Frenetic, frantic, full-on: Whiplash is a film which will leave any spectator in a disorientated daze, ecstatically searching for the nearest makeshift drum kit to pound out a jazz-infused rhythm on as soon as they walk out of the cinema. For a film which tells the story of a young wannabe jazz drummer, whose main passion in life is to be as good as his idol Buddy Rich, Whiplash surprisingly feels more like a thriller, able to engage even those who have no interest or knowledge of the musical genre.
Andrew Neiman (Miles Teller) attends the prestigious Shaffer Conservatory in New York where he desperately desires to be noticed by the school’s legendary conductor Terrence Fletcher (a phenomenal J. K. Simmons). Neiman’s life is clearly dominated by his pursuit to be ‘one of the greats’: Schaffer being the next step on that pathway with Fletcher’s instruction a necessary subsequent step. Neiman simply lives and breathes Jazz. His room is covered with posters of jazz legends and drum beat ‘charts’. He can walk into a restaurant and name the musician and the recording date of the track which plays over the speakers. Such determination, outlined so clearly during the film’s initial scenes, is clearly a central concern; what does it take to be the best? But Whiplash isn’t just interested in a superficial ‘blood, sweat and tears’ representation of that kind of sentiment, but asks the question: when striving for perfection, what is sacrificed? What is risked?
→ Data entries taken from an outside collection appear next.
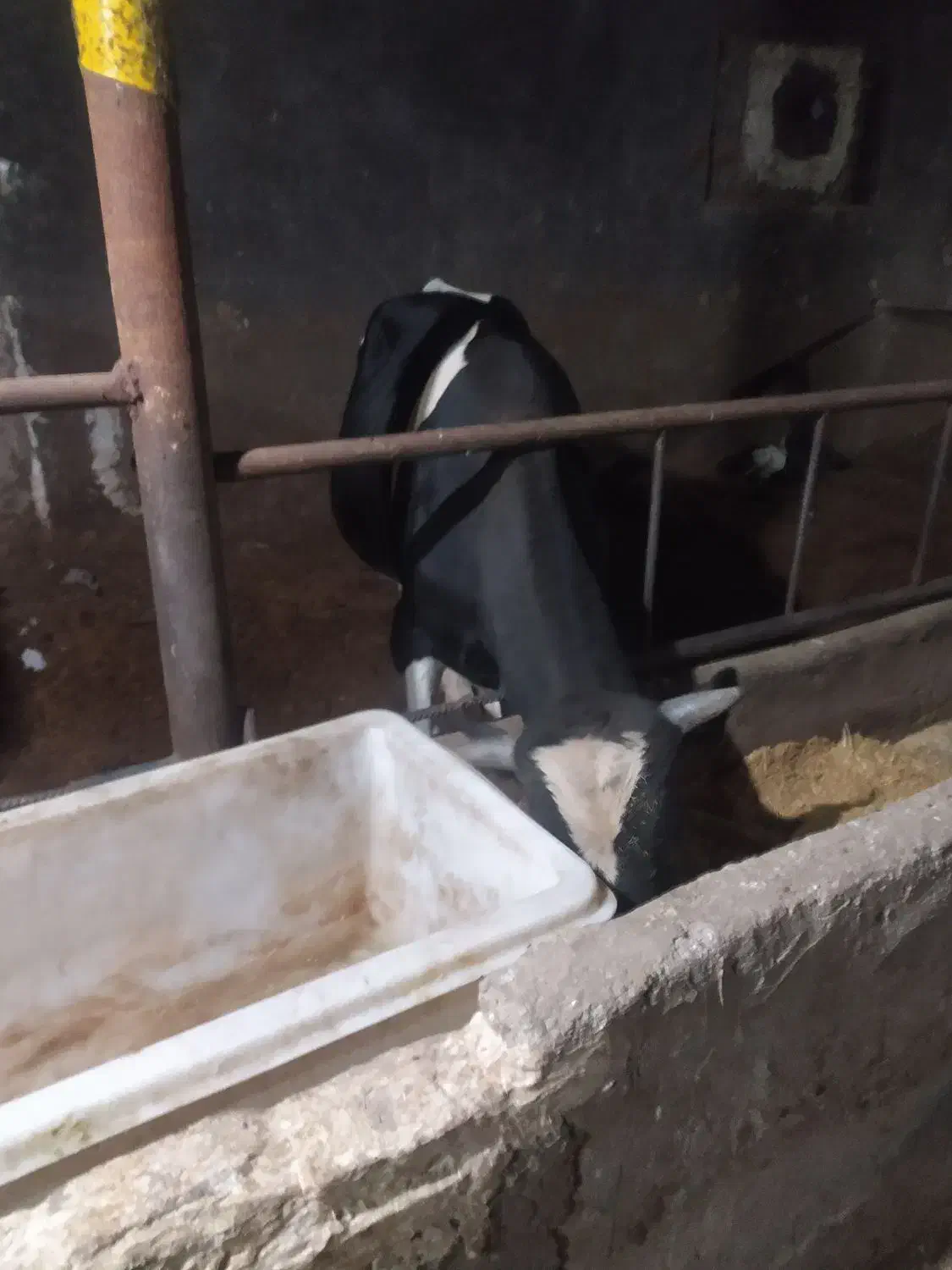 گوساله گاو سیمنتال|حیوانات مزرعه|باسمنج, |دیوار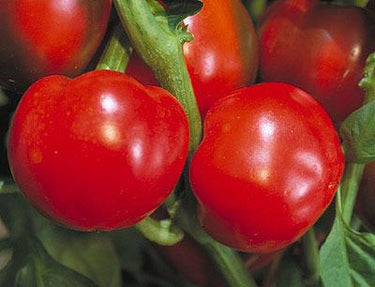 Pimiento Elite F1 Pepper Seeds - The Pepper Pantry (Formerly Marie Sharp's)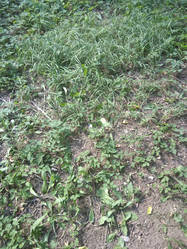 Similar image 21657041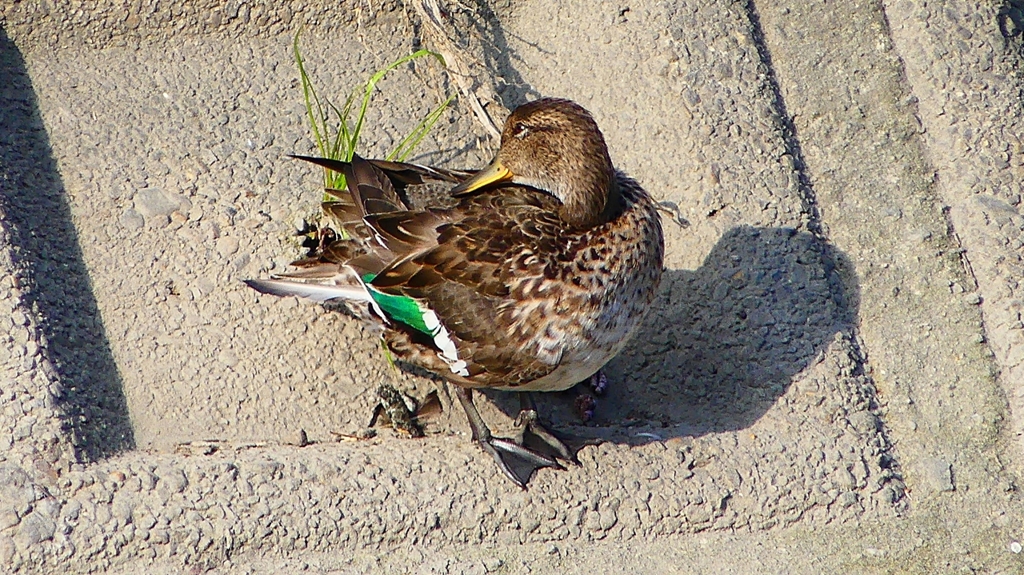 P2390583：コガモ（メス）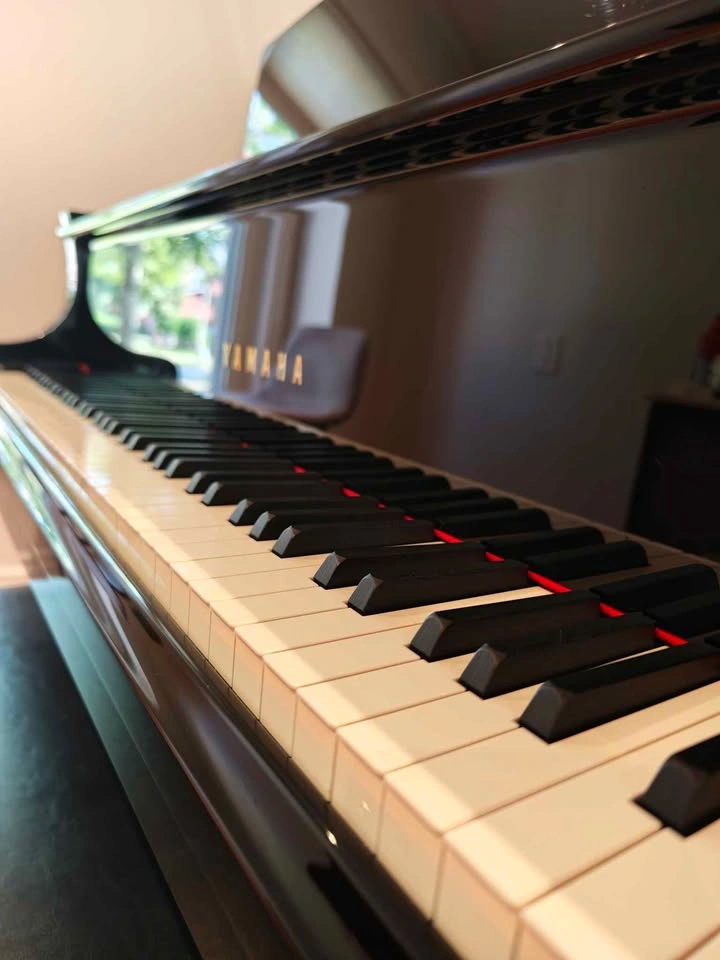 2021 Yamaha C3X Grand Piano - photo 3
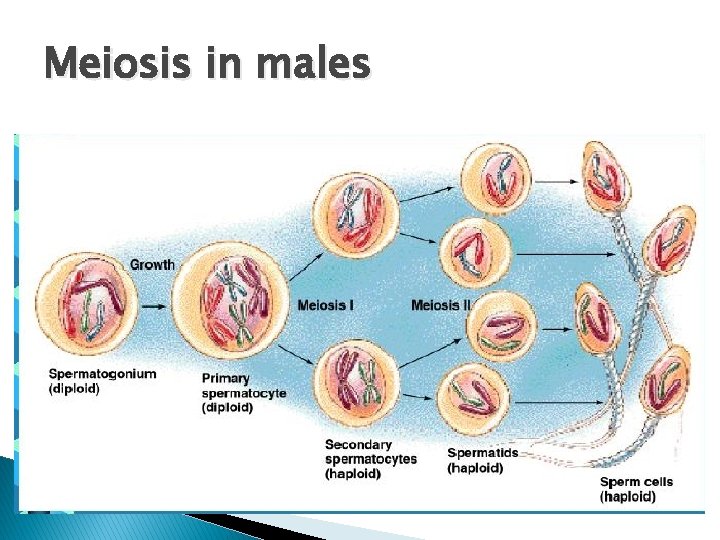 Meiosis in males 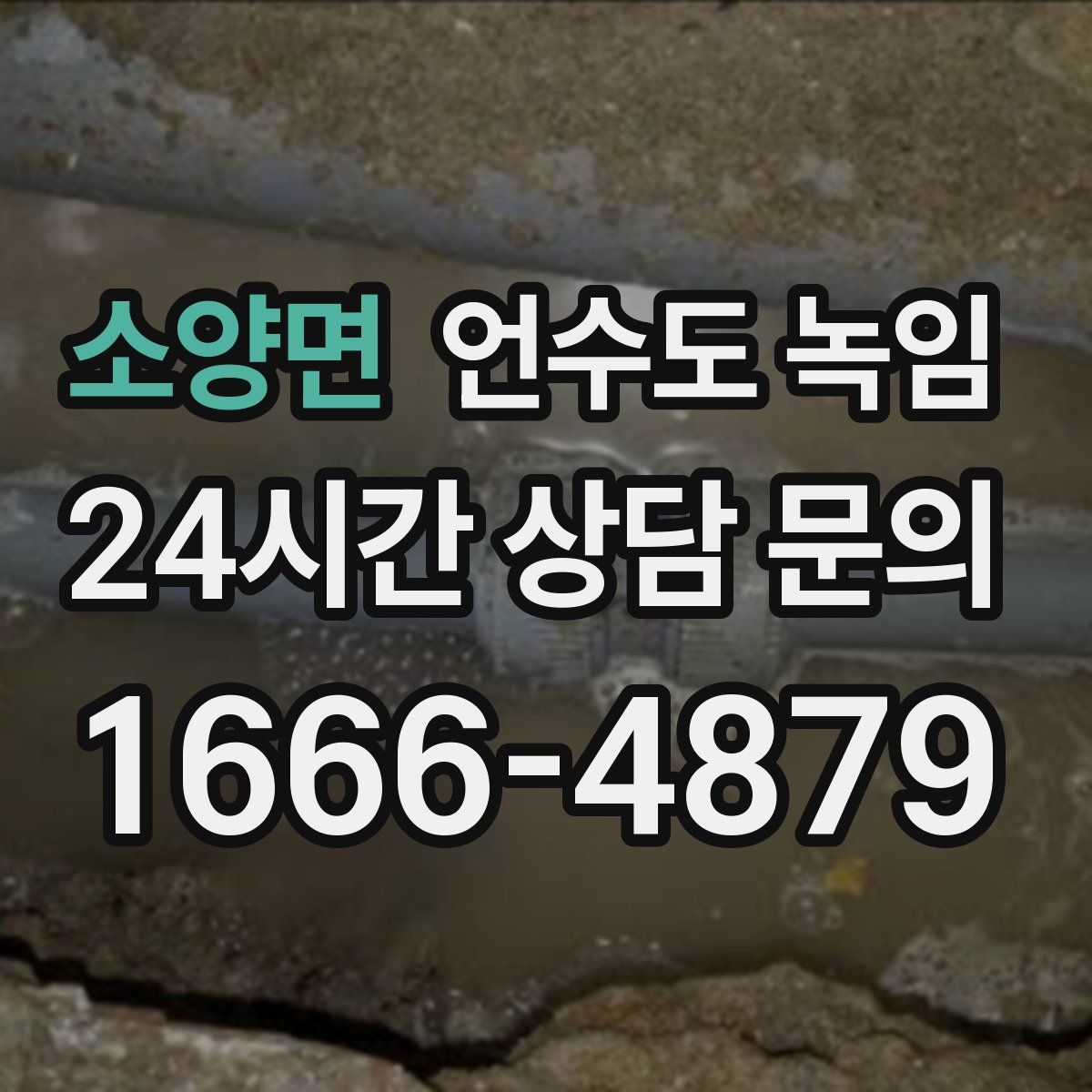 소양면 언수도 녹임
Enter Terrence Fletcher. Soon enough Neiman makes enough of an impression to stand out to Fletcher for inclusion in the school’s flagship band. After an initial, disarming conversation with Fletcher, who tells the young drummer to just ‘have some fun’, Neiman’s first rehearsal quickly turns into a tense affair during which the conductor acts out aggressively and even violently towards other members of the band as well as Neiman himself. The version of this scene witnessed in the film’s trailer pales in comparison to the aggression and hostility Fletcher exhibits towards his students in the film itself. Spraying spit-flecked, profanity-ridden insults across the ranks like R. Lee Ermey in Full Metal Jacket, Fletcher demands absolute perfection and if anyone isn’t in tune or finds themselves not exactly on ‘his time’ whilst playing, all hell is certain to break loose. What begins here is an ingeniously executed back and forth between Neiman and Fletcher – student and teacher. As Neiman’s determination to live up to Fletcher’s ludicrous expectations progresses even further, his life begins to come crashing down around him; something he knowingly allows in the pursuit of his primary aspiration. As each dramatic turning point gives way to another, Whiplash forces the spectator through an assault course of theatrical ups and downs as Neiman fights to be the band’s core drummer, practices the blistering pieces he must perform in front of crowds and judges who will decide his future, and attempts to gain the respect of the clearly sociopathic conductor who he himself regards so highly.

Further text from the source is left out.